Odell Boyd fumbled with his tobacco tin. “They’s mean, them Pretlows. Freeman never had much to do with that bunch.”
“Me and Colin can look around this afternoon and early tonight. Maybe we can run across Freeman, or where he’s been,” Wesley said, ignoring me.
My father agreed. “Odell, I guess we can stop around at some houses this afternoon and get some people out by in the morning.”
“Get Dover,” advised Wesley. “He’ll be glad to help out.”
*
Wesley and I left to cross the swamp from Odell Boyd’s house. We walked, not talking, until we were well into the woods, then Wesley stopped and sat on a cushion of needles.
“Look,” he said, “I knew what you was wantin’ to tell Daddy, about Willie Lee and Baptist, but that might’ve got ’em in trouble.”
“But, we heard…”
“I know what we heard. Now, think
about it a minute. If Willie Lee and Baptist are mixed up in them bloody clothes, it can’t mean but two things: either they did somethin’ to Freeman or they helped him out.”
“They didn’t do nothin’ to Freeman,” I protested.
“Well, I don’t believe that either. So, that leaves helpin’ him, if they’re mixed up in it at all.”
“Wesley, I know that,” I said. “I’m not that dumb. And it seems to me Daddy ought to know it, too.”
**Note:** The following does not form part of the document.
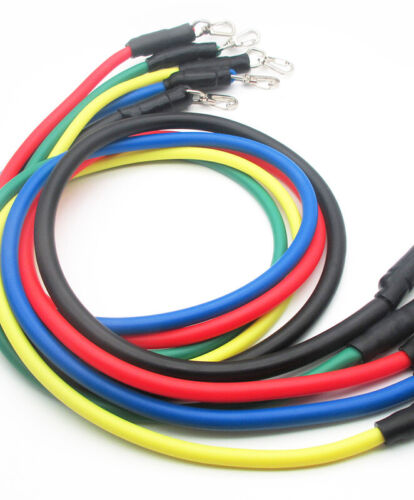 TECHTONGDA 11 PIEZAS Juego de Bandas de Ejercicio de Resistencia para Fitness/Pérdida de Peso, etc. - Imagen 6 de 7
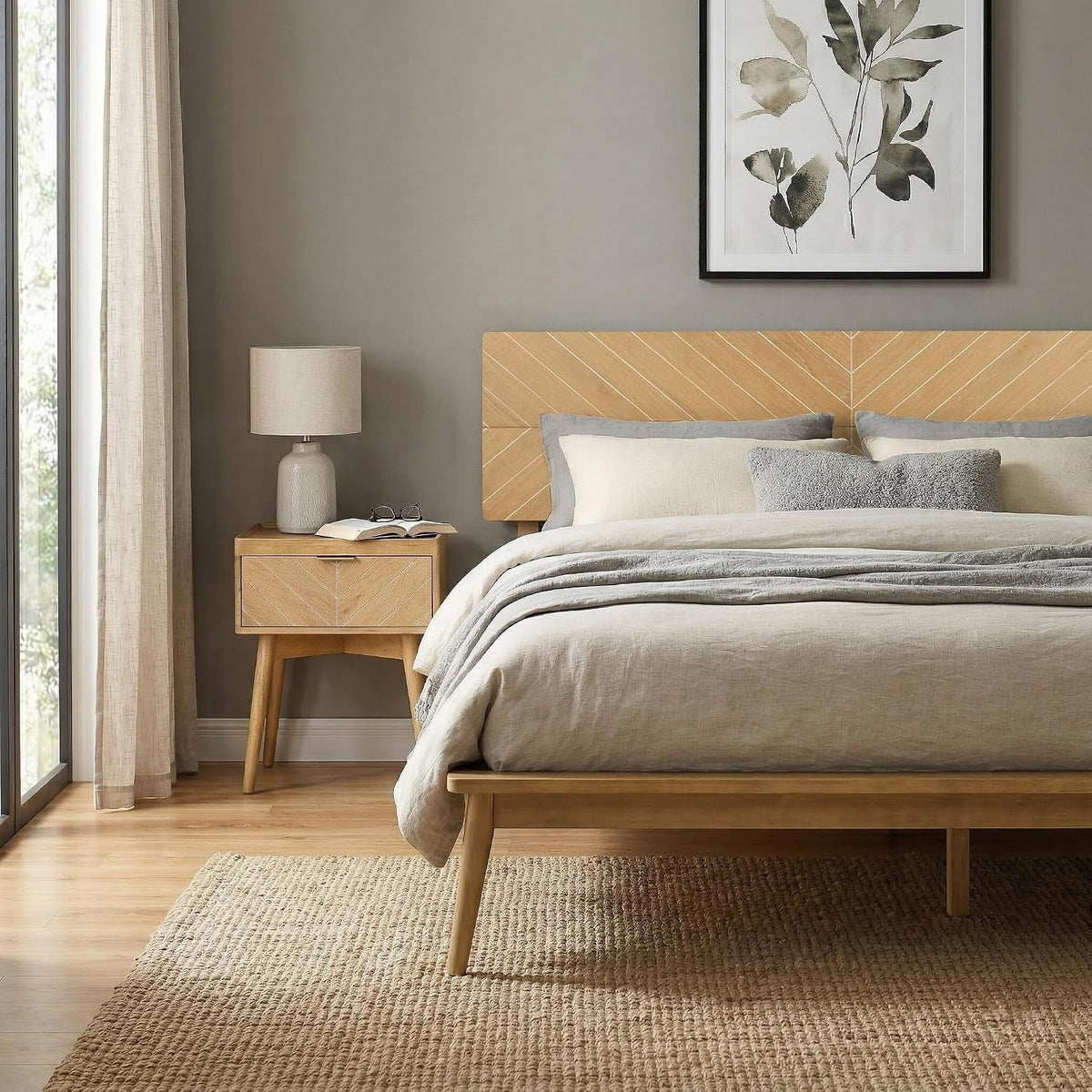 loki-solid-wood-platform-bed-king-chevron-headboard-light-oak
Wesley picked up a pine needle and began to braid it. “All right, so we tell Daddy about it,” he reasoned. “What’s gonna happen? Daddy and Mr. Boyd’s gonna go straight to Willie Lee and ask him, and what’s Willie Lee gonna do?”
It was a good question. “I don’t know,” I mumbled.
“Well, he’d just stand there like he was deaf and dumb and not say the first thing, that’s what.”
“Why?”
“Willie Lee’s not about to get involved in somethin’ that may get the law on him.”